As I was reading this week’s lessons, I was struck by how much we have heard from Peter these last few weeks.  He was at the Transfiguration of Jesus, he walked on water for a few steps, he recognized Jesus as the messiah and was told that he would be the foundation of the church.  Then we get to today, and he is rebuked by Jesus as though he were a demon.  He wanted Jesus to be safe from the harm that was coming to him; yet if Jesus accepted Peter’s way, the more human way, he would not be aligned with God’s will.  

That had to be really hard for Peter to hear.  It’s hard to hear today.  Jesus does all this talk of cross bearing, and I am certain that it wasn’t lost on Peter that day, that bearing a cross led to certain death.  So it’s no wonder why he tried to persuade Jesus to find some other way.

Jesus is nothing, if not single minded and committed to the plan as he understood it.  And now, instead of parables about how to minister to others, Jesus begins the difficult work of preparing the disciples for his imminent death. No wonder Peter was hoping for a different plan; Jesus’ current plan meant sure and certain death. 

And yet… Jesus rebukes Peter for wanting the easy way out.  I’m sure Jesus would have given much to take the easy way out himself, but he doesn’t.  He continues on the way to a certain and painful death.  A death for the life of the world.  

Jesus offers us a similar path.  Taking up one’s cross is not an easy path to take, and yet it is exactly what we promise to do in our baptism.  Everytime we take up our cross to follow Jesus, something in us dies, just as we die to sin in baptism. I think people often misuse the phrase of taking up one’s cross to mean something that is about the person in question.  I don’t think that’s what Jesus meant.  I think cross bearing has nothing to do with us as individuals and everything to do with the kingdom of God.  I’m not even sure it’s possible to carry a cross for ourselves.  Sure, we all have pain and sorrows which hurt deep within us, some so painful and deep we cannot share them with others.  But we have to remember that Jesus did not carry his cross for himself; he carried it on behalf of Peter and on behalf of all of us.  And maybe somewhere in the depths of his soul, Peter knew that was what Jesus was doing; perhaps he was trying to stop Jesus because he didn’t feel worthy.  He certainly said he wasn’t on at least one occasion. Whatever his reason, Peter had trouble accepting a messiah like Jesus.  A messiah who leads all of his disciples to the cross.  That is the place where the suffering of humanity joins the suffering of Jesus.  It is there at that cross where we find God in the midst of all suffering.

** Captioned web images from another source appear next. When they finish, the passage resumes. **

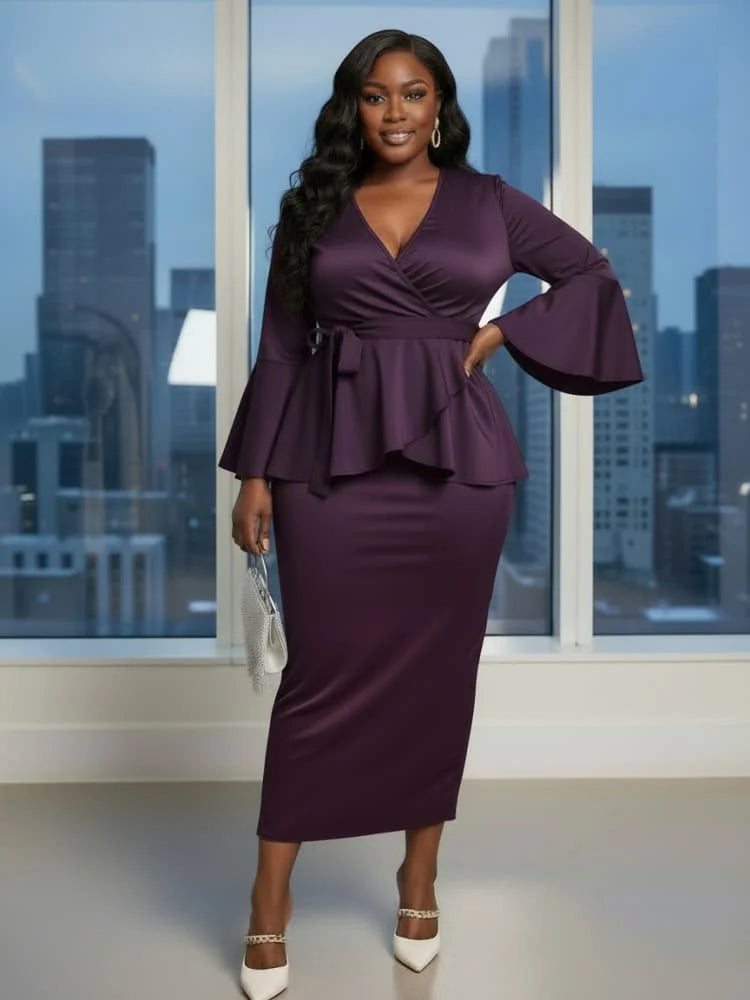 Plus Size V Neck Flare Sleeve Wrap Peplum Top + High Waist Midi Skirt Matching Set For Women Evening Bodycon Two Piece Outfit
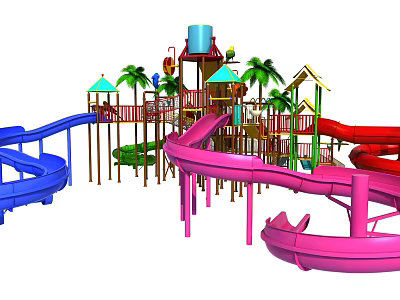 Colorful Playground Equipment With Blue Pink Red Slides And Palm Trees 3d model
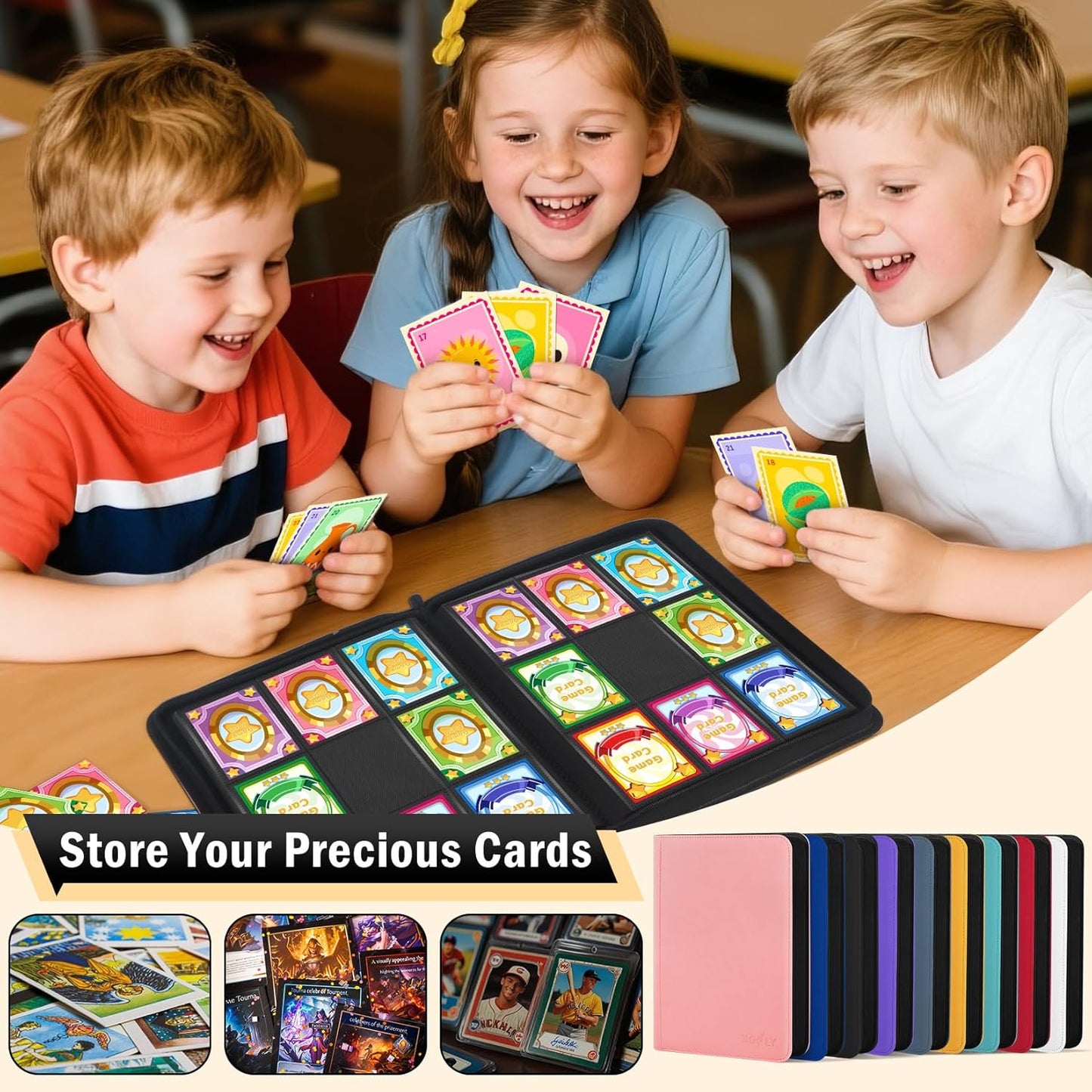 9 Pocket Card Binder, 540 Premium Zip Trading Card Binder, Double-sided Side Loading Card Collection Binder Album, Durable Leather Cover, Ringless Card Folder for Gifts, MTG, TCG, Sport Cards, Yellow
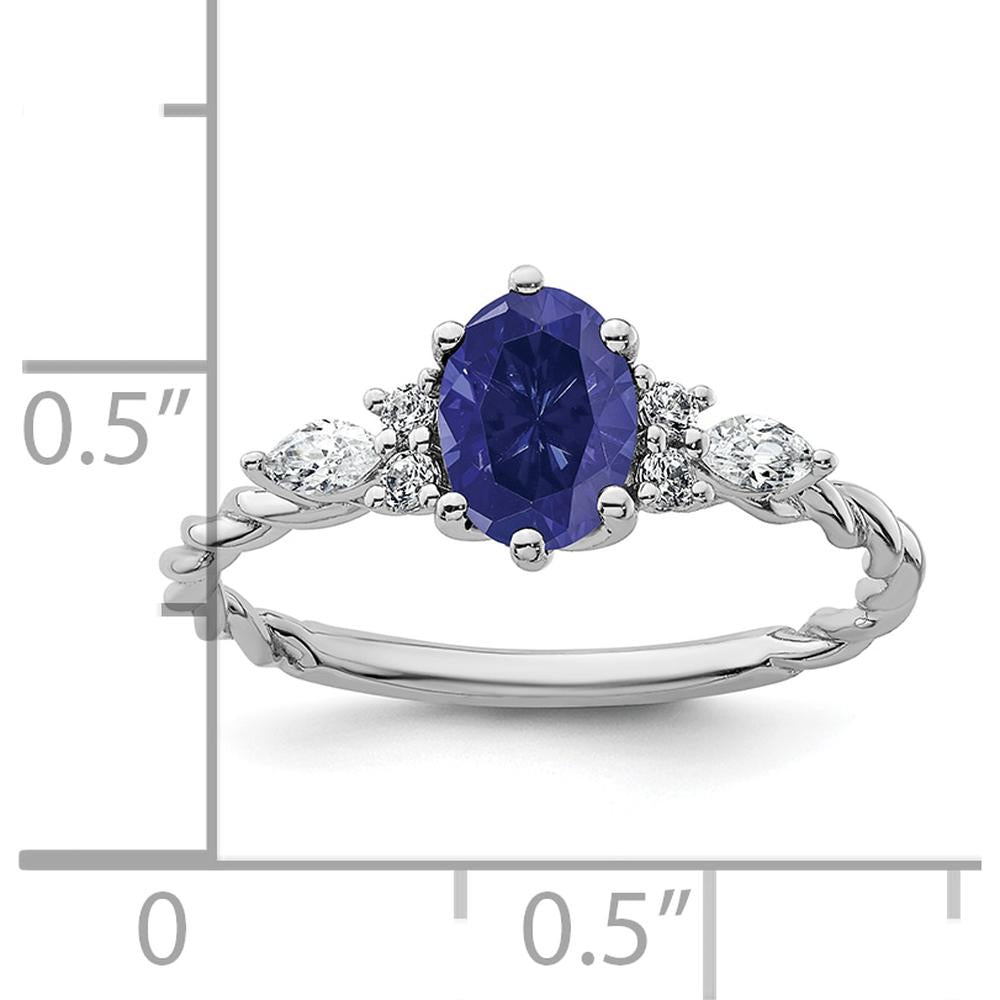 14K White Gold Polished Twisted Ring with Lab-Created Sapphire and Diamond Accents - 1.70 Carat Total Gem Weight by 0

I don’t blame Peter. His reaction was one of love even if it was misguided.  But Jesus calls him back into the place of the cross; it is upon Peter the rock that the church is built. And we know that Peter did in fact grow into his role as a disciple and evangelist.  And, we grow too; if ever we think that Jesus is done asking us to carry the cross, well, think again.  There is always someone who needs our help; someone who’s suffering is ours to carry and ours to help alleviate.  Every time we are asked to lift a cross, part of us dies; and we are changed, evermore becoming more like the one whom we serve, Jesus of Nazareth. If we open our hearts and our eyes to God’s Holy Spirit we can see the cross of Jesus being lifted high in big and small ways.  Here are some pictures; a disabled child unable to open his milk container in the school cafeteria.  Many days his milk is taken by other kids whom his teacher is too busy to see. But the custodian sees.  And every morning from then on, that custodian makes sure that child gets to drink his milk.  Making himself unpopular with the other kids.

A homeless person is sitting under a tree in front of a fast food restaurant when suddenly someone about to go order some food asks them if they can buy them a meal.

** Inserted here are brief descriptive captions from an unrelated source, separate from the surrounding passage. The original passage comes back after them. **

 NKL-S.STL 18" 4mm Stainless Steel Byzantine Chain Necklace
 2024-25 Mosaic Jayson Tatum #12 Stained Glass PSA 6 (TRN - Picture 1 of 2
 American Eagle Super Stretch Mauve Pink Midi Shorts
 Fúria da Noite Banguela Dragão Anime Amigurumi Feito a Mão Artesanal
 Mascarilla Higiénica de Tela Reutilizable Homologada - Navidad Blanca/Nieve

A young mother has to put back some groceries because she doesn’t have enough money; a person in the line says they will purchase her groceries.

There are so many ways for us to be cross bearers for the sake of others.  What we need to do is what Jesus did; we need to actually see those who are in front of our eyes; we need to listen to what they need, and then we need to act in small ways and sometimes in big ways.  Are we carrying the cross for another or are we trying to explain it all away? If we pray and if we ask to see, we will find where it is we are being called to lift the cross.  Just be ready.  It’s not easy, but Jesus will be there.  Wherever there is suffering of any kind, that is where we will find him.